İlk kalem alıştırmalarım öyküyleydi. Hatta söylemesi ayıp “roman” bile yazdım; kendimden başkasının okumaya katlanamayacağı! Sözcüklerle de gevezelik yapılmaması gerektiğini algıladığım günlerde bir gün Diyarbakır Cezaevi’nde yatan dayımın ölüm haberi geldi. Adına “şiir” denir mi bilmem, ama ilk şiirim o gün döküldü ak kâğıda. Böylelikle, şiirde kanat alıştırmaya başladım. Bu kez de hayatıma Nâzım, Ahmed Arif, Enver Gökçe, Hasan Hüseyin, Orhan Veli, Cemal Süreya, Edip Cansever, A. Kadir, Gülten Akın, Mayakovski, Yesenin, Pablo Neruda…lar girdi doğal olarak. Yazdığım ilk şiir denemelerim doğduğum, bugün de yaşadığım kent Adana’nın Hürses, Toros Ekspres, Çukurova, Yeni Adana vb. yerel gazetelerinde yayımlanmaya başlamıştı. O cesaretle Ümit Yaşar Oğuzcan’ın Hürriyet/Kelebek gazetelerinde düzenlediği ‘şiir köşeleri’ne gönderir oldum yazdıklarımı. Dergilerin farkına varmadan Ümit Yaşar’ın süzeğinden geçmek çok önemli görünmüştü o aralar bana da. Çünkü yerel gazetelere ne göndersem basılıyordu.
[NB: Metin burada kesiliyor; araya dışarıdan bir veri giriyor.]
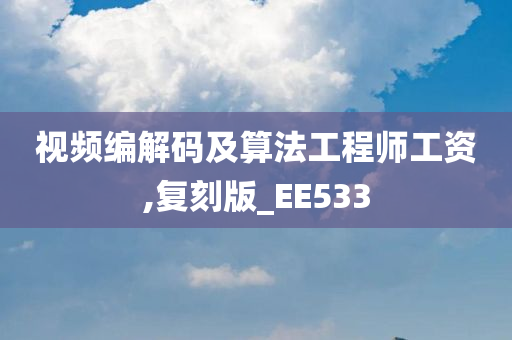 视频编解码及算法工程师工资,复刻版_EE533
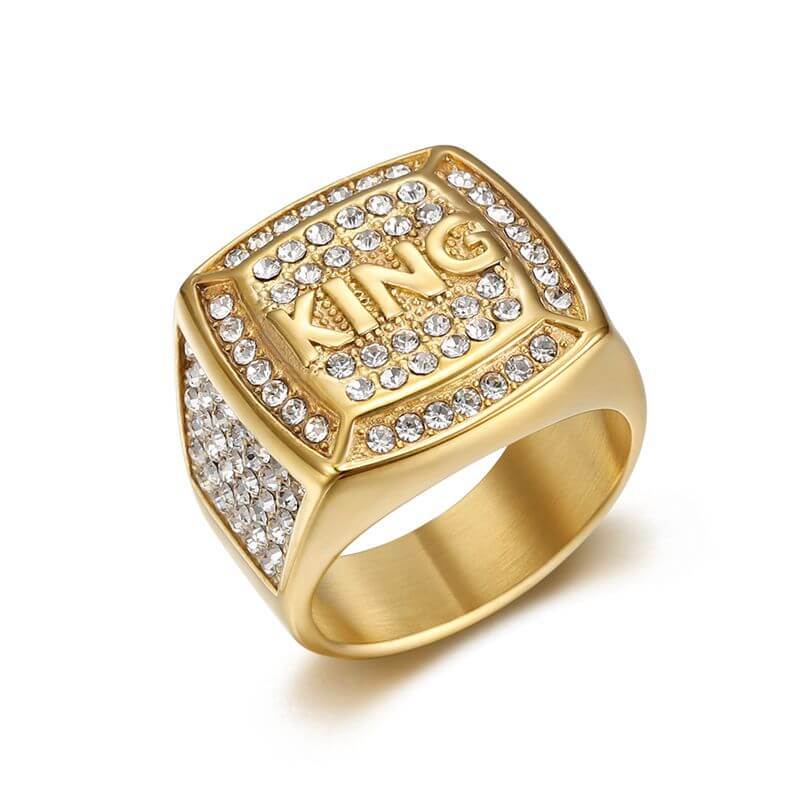 New Hip-hop HIPHOP Ring Titanium Steel Vacuum Gold-plated Synthetic Cubic Zirconia KING King Men's Ring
Bir rastlantı sonucu 1976’da Adana’da yayımlanan “Koza” dergisini gördüm bir gazete satıcısında. Ali Sönmez, Turan Altuntaş, Salih Bolat, Ahmet Fazıl Göktuğ, Kemal Bayrakçı, Hüseyin Yapıcı, Kemal Ayda, Hüseyin Canımana gibi adlarını bildiğim imzalar da vardı dergide. Onlar ve dergide yazan diğer kişilerle çok zaman sonra değil, hemen birkaç ay içinde tanıştım. “Koza” üç sayı sonrasında kapanınca da Ankara, İzmir, İstanbul, Kayseri gibi kentlerde çıkan Varlık, Saçak, Sesimiz, Petek, Yapıt, Ilgaz, Dönemeç, Oluşum, Türkiye Yazıları… dergilerinde sınava çektim kendimi. Bu süreç Adana’da kimi arkadaşlarımızla kendi dergilerimizi çıkarmaya, şiirde-edebiyatta sesimizi yaşadığımız coğrafyadan yükseltmeye evrildi. Mutfağında çalıştığım Düşün, Akdeniz, Söylem, Turunç, Çağdaş Yaşam ve Yaşam Sanat dergilerinden sonra, SarmalÇevrim’de dergiciliği öğrenmeye devam ediyorum hâlâ.

 

D.D: -Dergilerin yazın yaşamınızdaki önemine değinmişken, Turunç ve Yaşam Sanat’tan sonra Ocak 2021’den bugüne “Genel Yayın Yönetmeni” olarak görev yaptığınız “SarmalÇevrim” dergisinden söz etmeniz yerinde  olacak.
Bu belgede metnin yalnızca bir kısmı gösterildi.